A judgment by Europe’s highest court has strengthened the rights of database creators to protect their work from being used by third parties without permission. The database right protects against more than just copying and pasting, it ruled.
The decision by the European Court of Justice (ECJ) means that the transfer of material from a protected database to another database may be prevented, even if there is no technical process of copying.
The ECJ affirmed the right of the University of Freiburg to protect the content of a database of poem titles from commercial exploitation by an unrelated company.
The judgment said that, where the maker of a database makes the contents of that database accessible to third parties, even if they have to pay for access, the maker may not prevent those third parties from consulting that database for information purposes.
It is only when the on-screen display of the contents of that database necessitates the transfer of all or a substantial part of those contents to another medium that the maker's authorisation may be required.
The EU Database Directive of 1996 created a right to protect the content of databases that are the subject of significant investment, even when they are not protected by copyright law. Databases are protected by copyright law when they are considered creative enough to qualify.
The right, however, has been a controversial one because of a lack of clarity about the exact extent of its protection.
It received a setback in 2004, in a case in which the British Horseracing Board was told that it could not refuse bookmaker William Hill access to its database of the horses and riders running on a particular day.
The ECJ had ruled that the British Horseracing Board had not put enough effort into the creation of its database to qualify for protection in a ruling that was widely viewed then as weakening the EU's database right.
The ECJ ruled yesterday in favour of the University of Freiburg and one of its professors, Dr Ulrich Knoop. The ECJ did not have to decide what constitute a database under the Directive. Instead, it focused on what constitutes infringement.

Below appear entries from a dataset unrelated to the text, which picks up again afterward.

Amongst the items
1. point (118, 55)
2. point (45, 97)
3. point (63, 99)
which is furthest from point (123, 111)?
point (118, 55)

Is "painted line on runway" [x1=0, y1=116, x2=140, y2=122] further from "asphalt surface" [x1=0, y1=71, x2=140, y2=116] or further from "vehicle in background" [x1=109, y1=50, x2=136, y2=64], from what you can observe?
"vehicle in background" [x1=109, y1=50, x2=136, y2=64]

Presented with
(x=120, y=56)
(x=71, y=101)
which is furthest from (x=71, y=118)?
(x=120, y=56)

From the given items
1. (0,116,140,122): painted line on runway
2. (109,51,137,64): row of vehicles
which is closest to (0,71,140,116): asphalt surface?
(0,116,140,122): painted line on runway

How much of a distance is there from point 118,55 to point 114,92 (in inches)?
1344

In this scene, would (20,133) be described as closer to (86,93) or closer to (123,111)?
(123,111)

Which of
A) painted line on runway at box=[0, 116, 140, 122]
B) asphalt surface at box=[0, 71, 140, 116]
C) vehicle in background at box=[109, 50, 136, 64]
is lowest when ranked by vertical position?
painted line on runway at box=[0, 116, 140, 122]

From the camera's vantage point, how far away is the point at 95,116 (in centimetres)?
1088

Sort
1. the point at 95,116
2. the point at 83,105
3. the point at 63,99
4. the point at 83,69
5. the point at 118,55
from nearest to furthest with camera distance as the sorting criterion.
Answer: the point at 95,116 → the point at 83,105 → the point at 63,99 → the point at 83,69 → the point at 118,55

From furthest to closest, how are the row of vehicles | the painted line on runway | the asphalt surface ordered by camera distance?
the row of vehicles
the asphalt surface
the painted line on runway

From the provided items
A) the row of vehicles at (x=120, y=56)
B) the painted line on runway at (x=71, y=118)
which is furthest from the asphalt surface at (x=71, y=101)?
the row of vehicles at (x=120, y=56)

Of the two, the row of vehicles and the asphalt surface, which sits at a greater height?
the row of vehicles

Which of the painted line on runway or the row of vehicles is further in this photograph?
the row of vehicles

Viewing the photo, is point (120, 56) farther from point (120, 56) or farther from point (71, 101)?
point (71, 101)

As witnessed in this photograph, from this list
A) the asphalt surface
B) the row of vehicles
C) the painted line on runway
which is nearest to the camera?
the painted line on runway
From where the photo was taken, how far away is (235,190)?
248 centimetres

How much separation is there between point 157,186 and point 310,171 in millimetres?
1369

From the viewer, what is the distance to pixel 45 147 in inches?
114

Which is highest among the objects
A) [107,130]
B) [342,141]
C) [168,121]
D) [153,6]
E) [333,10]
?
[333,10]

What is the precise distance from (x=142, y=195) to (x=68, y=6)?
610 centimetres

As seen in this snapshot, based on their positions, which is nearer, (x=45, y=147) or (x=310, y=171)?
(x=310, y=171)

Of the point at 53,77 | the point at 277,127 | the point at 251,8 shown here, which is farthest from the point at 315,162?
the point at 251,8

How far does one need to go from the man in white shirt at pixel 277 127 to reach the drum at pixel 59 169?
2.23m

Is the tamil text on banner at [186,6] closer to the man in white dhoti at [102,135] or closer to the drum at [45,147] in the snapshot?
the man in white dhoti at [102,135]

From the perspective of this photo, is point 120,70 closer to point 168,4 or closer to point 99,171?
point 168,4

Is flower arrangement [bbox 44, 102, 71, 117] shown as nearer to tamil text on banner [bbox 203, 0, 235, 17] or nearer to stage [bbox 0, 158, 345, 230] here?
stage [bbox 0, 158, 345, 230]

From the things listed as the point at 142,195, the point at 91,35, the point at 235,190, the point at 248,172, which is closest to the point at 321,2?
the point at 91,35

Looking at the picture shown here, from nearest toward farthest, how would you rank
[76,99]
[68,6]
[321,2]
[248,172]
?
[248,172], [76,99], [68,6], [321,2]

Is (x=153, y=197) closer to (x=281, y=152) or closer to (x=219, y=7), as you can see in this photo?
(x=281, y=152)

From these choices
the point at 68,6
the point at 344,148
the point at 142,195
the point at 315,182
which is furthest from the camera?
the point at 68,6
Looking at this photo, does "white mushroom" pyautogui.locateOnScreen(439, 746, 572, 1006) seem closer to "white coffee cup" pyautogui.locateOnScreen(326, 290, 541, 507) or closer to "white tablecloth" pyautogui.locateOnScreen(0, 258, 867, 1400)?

Professor Knoop oversaw the compilation of the 1,100 most important poems in German between 1720 and 1900. The list of titles was published on the internet and served as the basis for an anthology compiled by the university. The list took two-and-a-half years to compile, costing the University €34,900.
A company called Directmedia Publishing then published a CD-ROM called '1000 poems everyone should have', on which 876 of the poems date from the period 1720 to 1900. All but 20 of these also featured in Knoop's list.
Knoop and the University sued Directmedia, claiming that it had infringed Knoop's copyright as compiler of an anthology and the University's right as a maker of a database.
Germany’s Federal Court of Justice had already upheld the action brought by Knoop as compiler of an anthology. It accepted that the list of titles constituted a 'database' within the meaning of the Directive, so the ECJ did not revisit the most controversial analysis of the British Horseracing Board case.
Instead, the ECJ was asked whether Directmedia’s use of the contents of the database constituted an ‘extraction’ within the meaning of the Directive.
The judgment was delivered four months after ECJ Advocate General Eleanor Sharpston published her opinion on the case, in which she advised that extraction from a database "does not presuppose the [physical] copying of data.”
She said: “In order to constitute an ‘extraction’ … it is immaterial whether the transfer of data from a database … and their incorporation in a different database takes place following individual assessments of the data after consulting the database."
Sharpston said that her opinion was based on the British Horse Racing Board ruling.
“It seems to me that transcribing the content of a database after consulting it on-screen and then incorporating it into a different database is just as likely to prejudice the investment of the maker of the database as copying that database electronically or photo-copying it," she said.
"The Court’s analysis in The British Horseracing Board does not presuppose that ‘extraction’ should be limited to these latter ways of copying (parts of) a database.”
The ECJ agreed.
"It cannot … be argued, as Directmedia has done, that only acts consisting of the mechanical reproduction, without adaptation, by means of a standard ‘copy/paste’ process, of the contents of a database or a part of such a database fall within the concept of extraction," it said.
The judgment continued: “It is of little importance that the act of transfer in question is for the purpose of creating another database, whether in competition with the original database or not, and whether the same or a different size from the original, nor is it relevant that the act is part of an activity, whether commercial or not, other than the creation of a database.
"Moreover … the transfer of all or a substantial part of the contents of a protected database to another medium, which would be necessary for the purposes of a simple on-screen display of those contents, is of itself an act of extraction that the holder of the sui generis [unique] right may make subject to his authorization," it said.
The judgment concluded: “The transfer of material from a protected database to another database following an on screen consultation of the first database and an individual assessment of the material contained in that first database is capable of constituting an ‘extraction’ [within the meaning of the Directive] to the extent that – which it is for the referring court to ascertain – that operation amounts to the transfer of a substantial part, evaluated qualitatively or quantitatively, of the contents of the protected database, or to transfers of insubstantial parts which, by their repeated or systematic nature, would have resulted in the reconstruction of a substantial part of those contents."
The case now returns to Germany to resolve the original dispute, in which the District Court ruled in favour of Knoop and the University. Directmedia’s appeal to the Provincial Court of Appeal failed so it appealed on a point of law to the Federal Court of Justice. This court referred it in turn to the ECJ for a preliminary ruling.